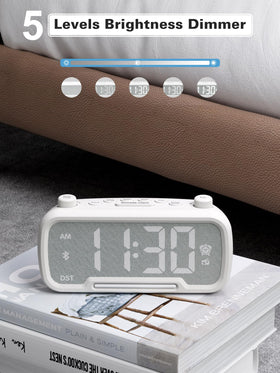 Mesqool dimmable night light creates a soft, sleep-friendly glow.
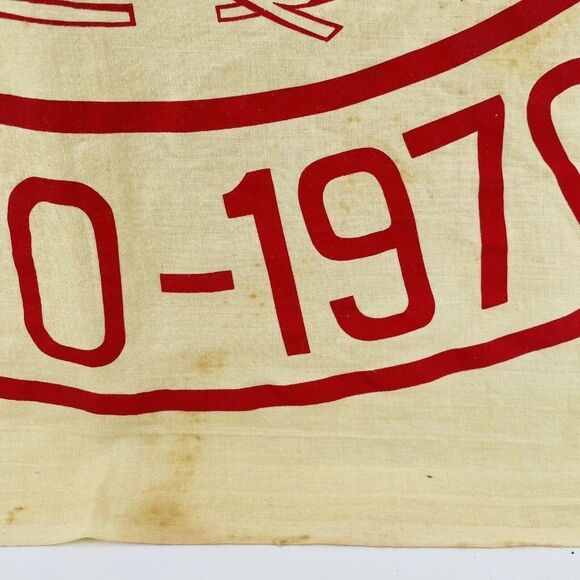 Wahoo Centennial Linen Banner Flag Sign Wahoo Nebraska NE 1970 34"x34" - Picture 6 of 9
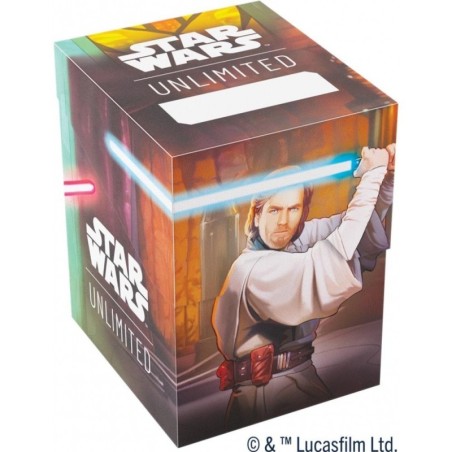 Deck Box Boite de Rangement Gamegenic Illustrée Star Wars Unlimited : Soft Crate Obi-Wan/Darth Maul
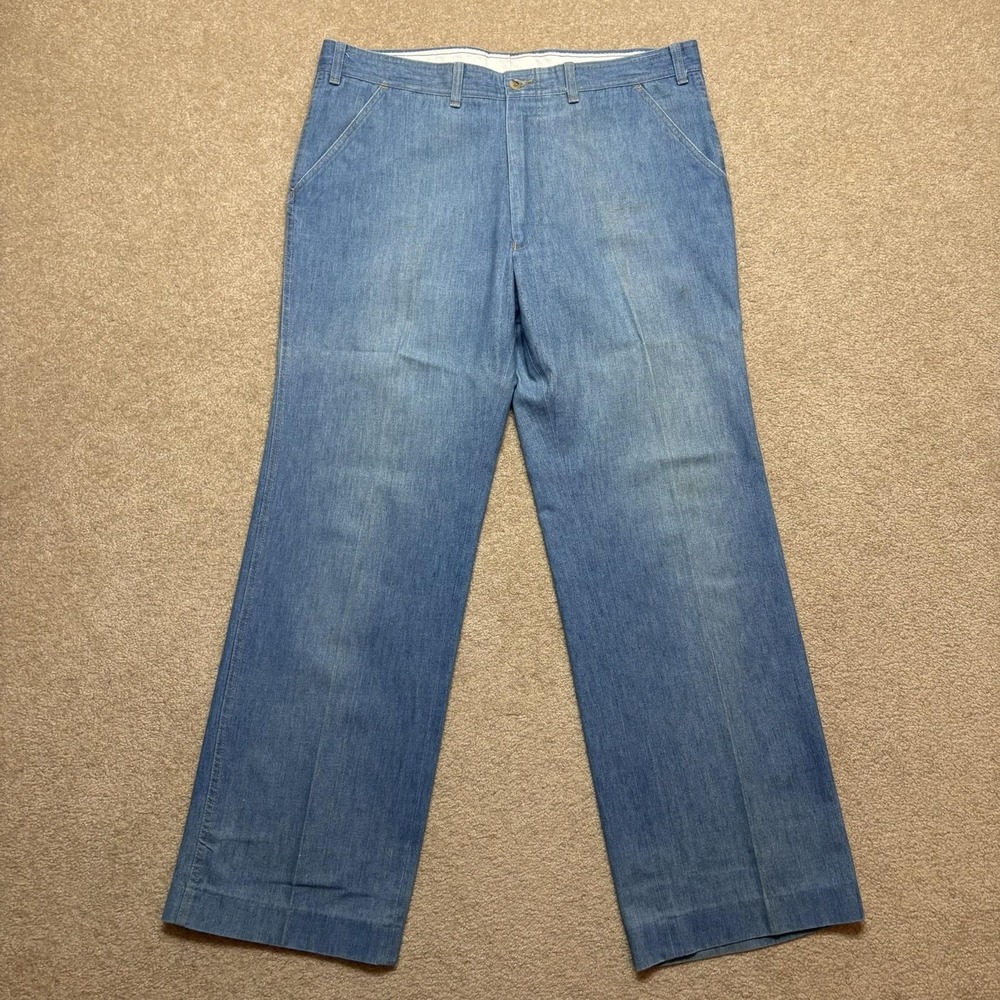 Vtg 70s Levis Sportswear Jeans Mens 36x31 Blue Light Wash Straight Denim Scovill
--- --- ---
◆ Directions ◆
Take the line with "Deck Box Boite" and each line after it through the end of the material above, and reproduce them exactly, both ends included, without pictures.

◆ Output for this task ◆
 Deck Box Boite de Rangement Gamegenic Illustrée Star Wars Unlimited : Soft Crate Obi-Wan/Darth Maul
 Vtg 70s Levis Sportswear Jeans Mens 36x31 Blue Light Wash Straight Denim Scovill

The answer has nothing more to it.